I'm not sure quite how new this is. I'm just a layman in these matters, but for a long time now we have thought about vaccuum as something more than absence of matter - as a medium through which waves spread effortlessly, for instance, and permeated by various fields that cannot be measured directly, only in their effects. Presumably mass is also caused by some undetectable field that is omnipresent in our universe. (The corresponding particle is named "Higgs boson" but I don't think people really expect to isolate it anytime soon.)

There is also the claim, I don't think this has been measured yet but it is generally accepted, that pairs of particles and anti-particles show up out of nothing all the time, then go back to nothing, because their average energy is zero or below. Quantum fluctuations make them have positive energy occasionally, and so they come to exist; but normally they fluctuate back to nothingness before you can notice them. Near black holes one of the particles in the pair may be trapped in the gravity well while the other remains outside, and the one outside cannot return to oblivion alone so it runs off as Hawking radiation. It would be very nice if this was true, but perhaps we should wait with making black holes until we have some more data on it.

***

Anyway, I guess you can imagine the glee of all spiritualist people around the world over the latest news. So it isn't, after all, matter all the way down! Well, actually we can't prove either way yet, but the article makes a good case for the possibility that the universe is a collection of wave effects in a medium utterly foreign to us.
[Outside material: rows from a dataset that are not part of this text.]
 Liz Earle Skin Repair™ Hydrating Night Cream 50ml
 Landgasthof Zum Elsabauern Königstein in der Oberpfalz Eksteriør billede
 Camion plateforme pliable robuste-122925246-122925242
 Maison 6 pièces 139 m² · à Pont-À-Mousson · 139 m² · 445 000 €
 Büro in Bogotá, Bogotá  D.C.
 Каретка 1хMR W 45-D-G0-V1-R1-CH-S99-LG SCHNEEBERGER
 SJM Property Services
On my own, let me throw in the problem of "dark matter". Gravity is not behaving quite the way it was expected to; it acts as if there is a lot more matter in the universe than we can otherwise observe. There have been no shortage of explanations, from brown dwarf stars (millions and millions of them) to microscopic black holes, from neutrinos with mass to Weakly Interacting Massive Particles.
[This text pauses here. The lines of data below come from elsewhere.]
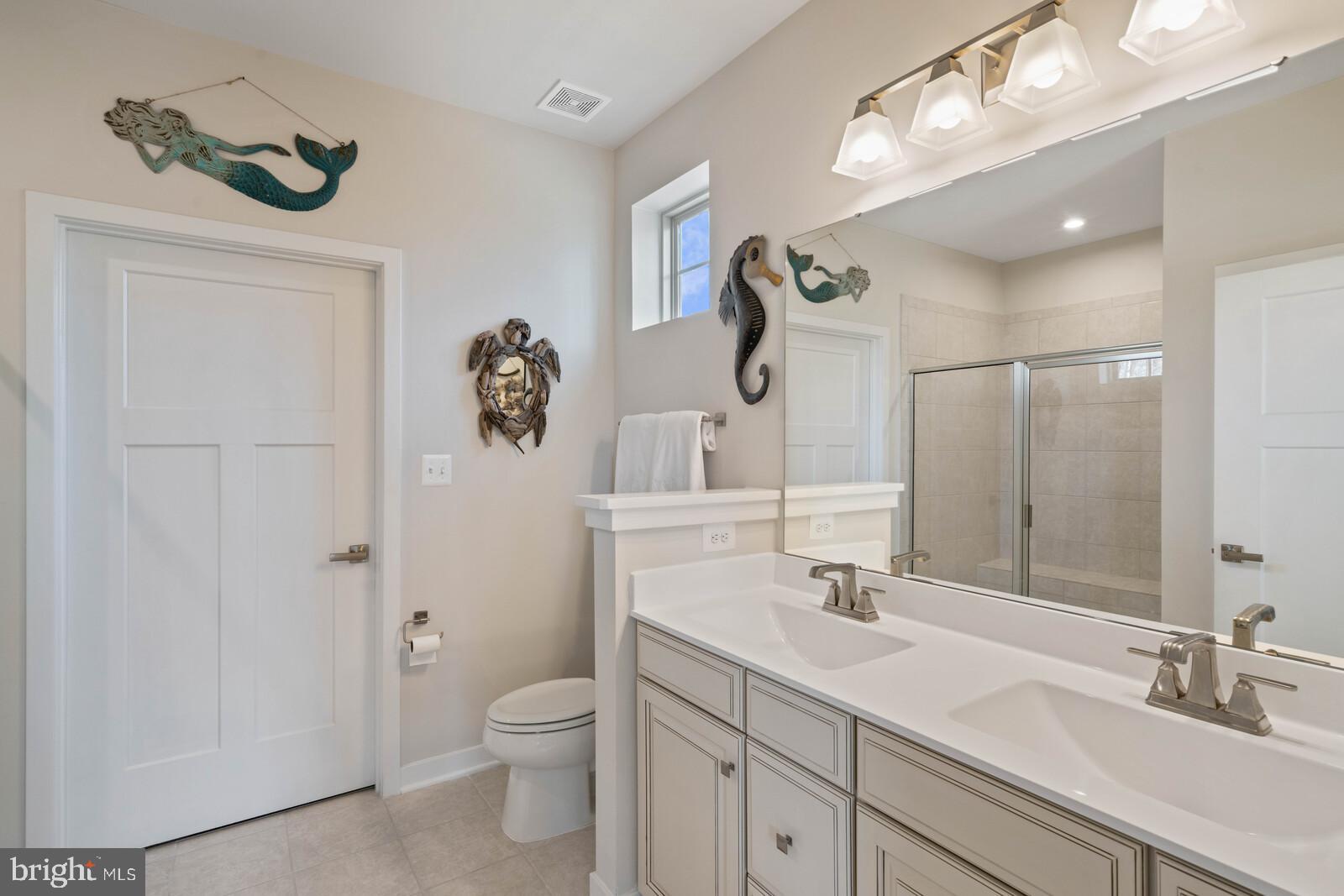 18063 Red Cedar Road Dumfries, VA 22026 - Photo 20 of 69 Luxury shower bath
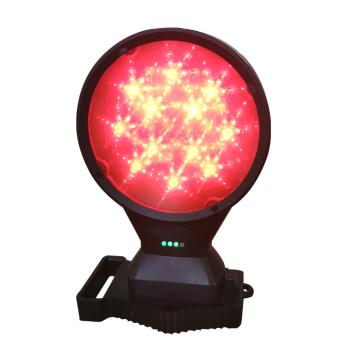 颇尔特 LED双面安全指示灯 POETAA505 磁铁吸附，单位：个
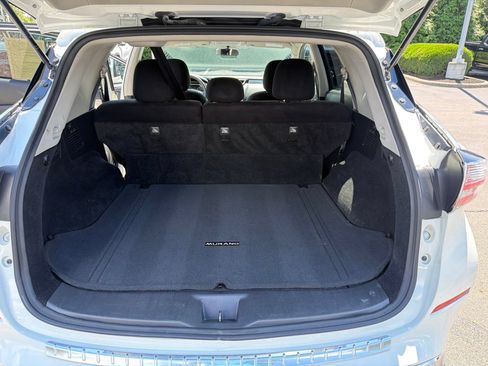 Used 2018 Nissan Murano S AWD/4WD image 26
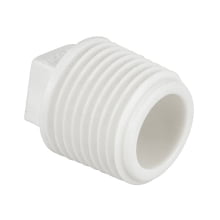 Plug 1/2" Rosca Macho – DR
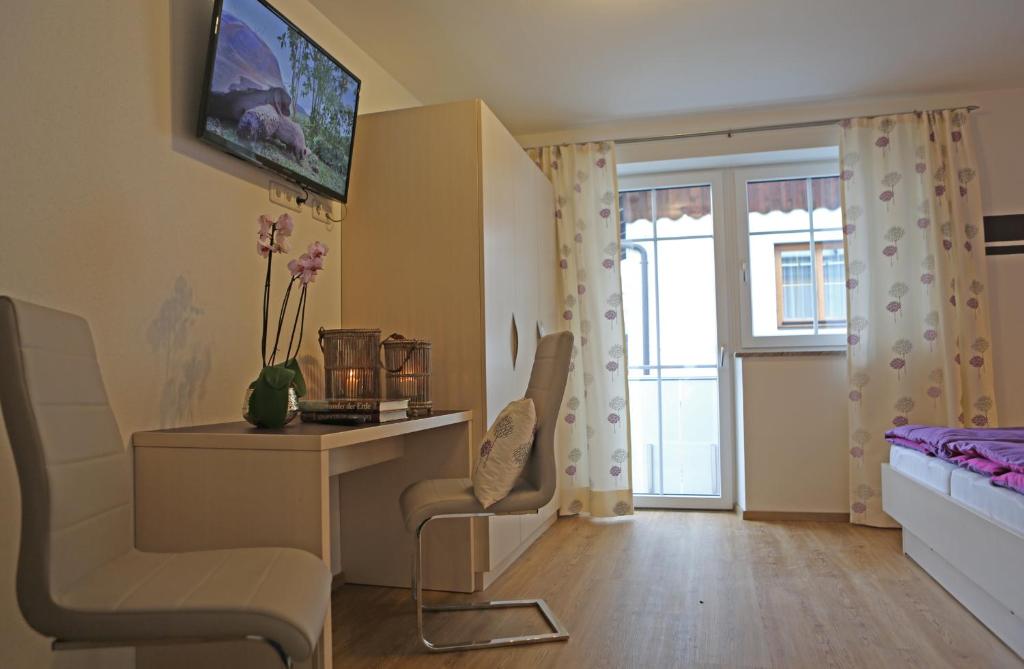 Zeilner Dachstein Apartment - 5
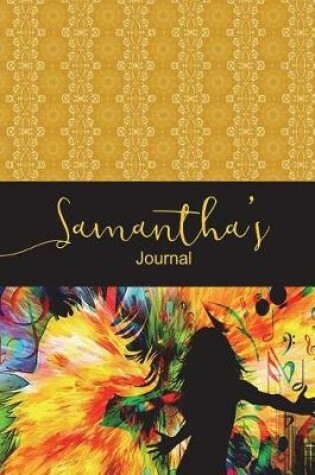 Cover of Samantha's Journal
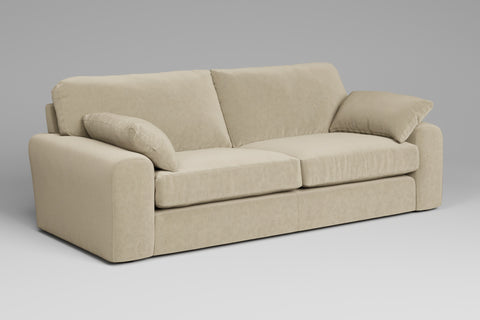 7th Heaven Maxi - 4 Seater Sofa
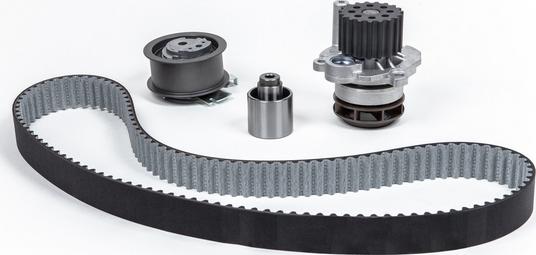 CORAM KTC927784WP - Pompe à eau + kit de courroie de distribution droxauto.com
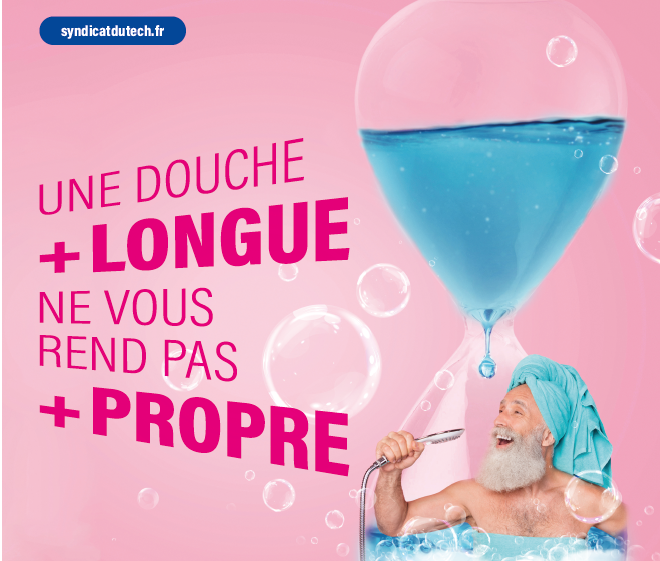 Plan de communication toujours à votre disposition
But if our world is just waves on the surface of something we don't know, there could be other waves that don't otherwise interact with ours, except through gravity. There could be entire worlds obeying strikingly different laws of nature, for all we know. And we might pass right through them without ever knowing. Now that would be cool!

***

Emergent behavior is quite the buzzword these days. I wonder, if we manage to not destroy our world prematurely, if someone will be reading this 50 years from now and grin at our ignorance. Today some of the things we see are like magic: We see that they happen but we don't know quite why. Emergent behavior in particular. Above all, how can consciousness and free will (well, reasonably free) arise from billions and billions of cells that have no consciousness, no free will, no purpose at all except to stay alive? The cells are made up of atoms that obey the laws of physics strictly. They do not deviate in any way from the simple laws of nature, but associate and dissociate according to the properties of their electrons. Yet, when there are billions of cells made of billions of atoms, somehow this deterministic system acquires free will and free thought. Creepy, huh?
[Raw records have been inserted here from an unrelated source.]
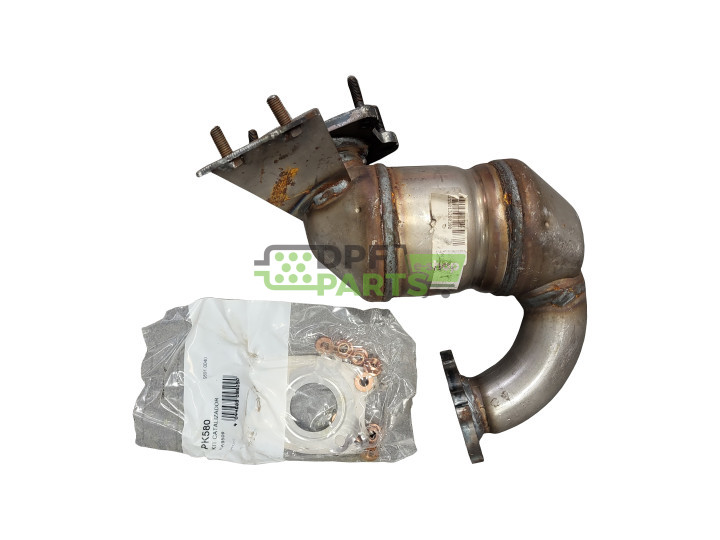 Katalizator MITSUBISHI Carisma, Space Star - 1.9 DID - M616691 8602967 8602969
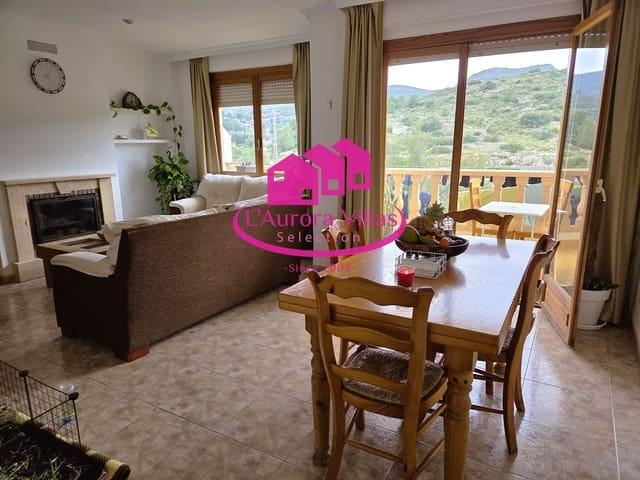 Apartamento en venta en la Marina Alta, Valencia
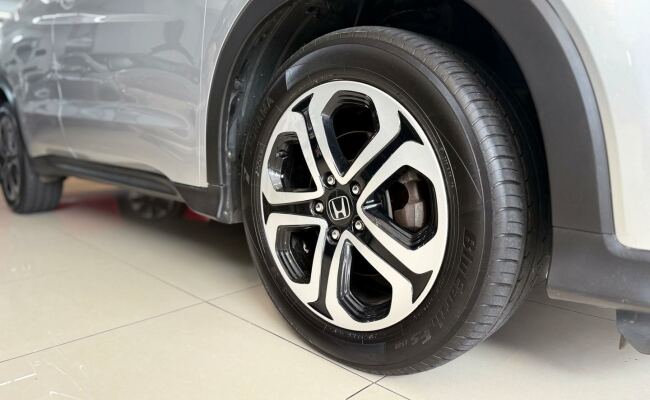 Honda hr-v ex cvt
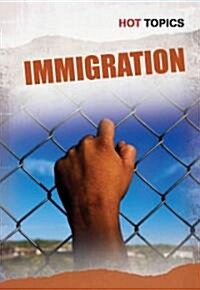 Immigration (Hardcover)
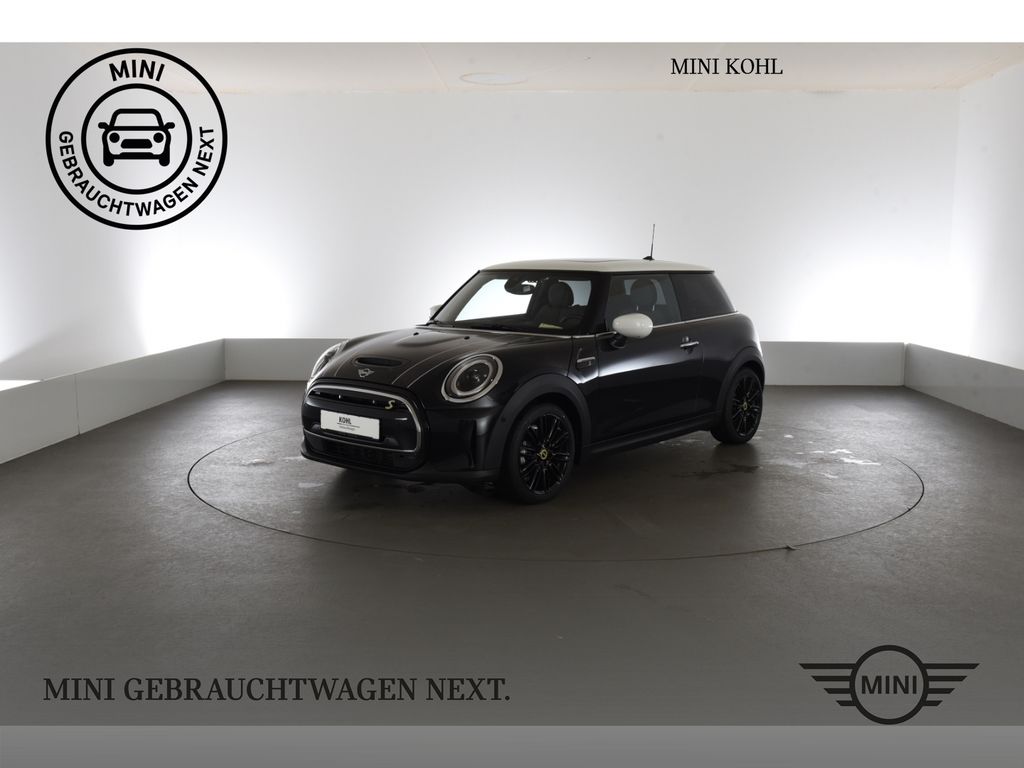 MINI Cooper SE 2023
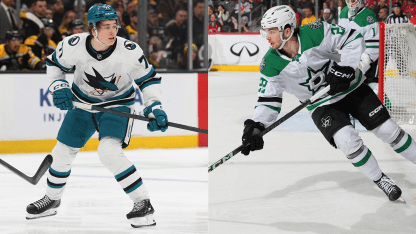 Rookie Watch: Top 5 players born in Canada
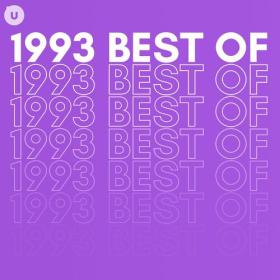 Various Artists - 1993 Best of by uDiscover (2023) Mp3 320kbps [PMEDIA] ⭐️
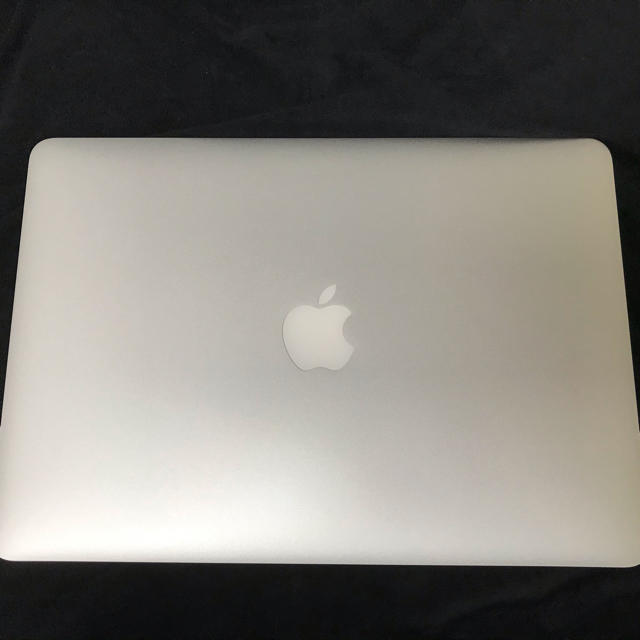 まっくMacbook air 2017 13.3インチ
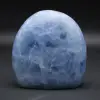 blaues Kalzitgestein - 0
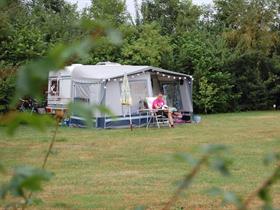 Camping Zen Ranch in Elim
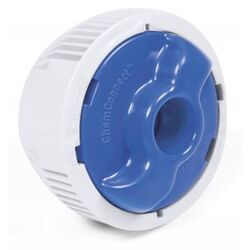 Каркасный бассейн Bestway Power Steel Oval 5611RBW (Grey) Thumb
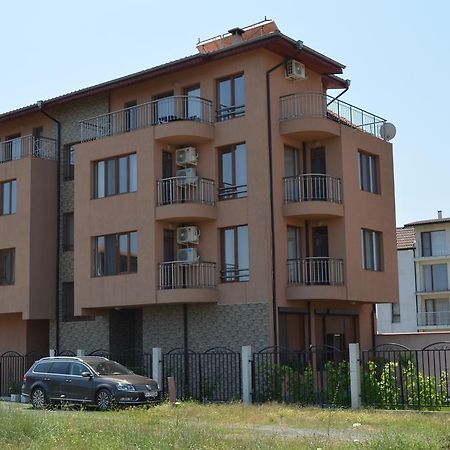 Guest House Georgievi Primorsko Exterior photo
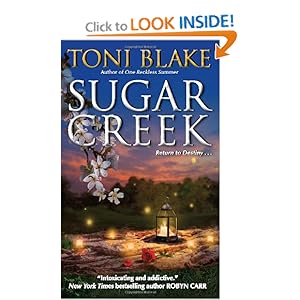 Sugar Creek: A Destiny Novel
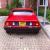  VERY VERY RARE SOLID BUTTRESS LANCIA MONTE CARLO 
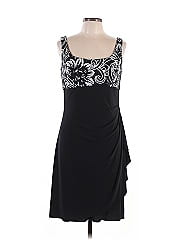 Alex Evenings Cocktail Dress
Similarly, a society of ants or bees often behaves as if it had far more intelligence than its individual members. They seem to throw away their lives stupidly, but the society - or superorganism, as some call it - behaves more rationally and prospers. With humans, it seems more often than not to be the other way around - a society accumulates the stupidity of its members. Yet in fact, few of us could survive more than a few days without our society. Emergent behavior: The whole is more than the sum of its parts. Or at least strikingly different.

Is the entire universe, as one theologian put it, God's facial expression? Or are we and all our worlds just foam on a bottomless, trackless ocean consisting of something so utterly alien that sheer nothingness seems familiar in comparison?

I have my own opinion on this, of course, as a christian and a part-time mystic. But anyway, it certainly adds a perspective to our restless hunt for more money and social recognition.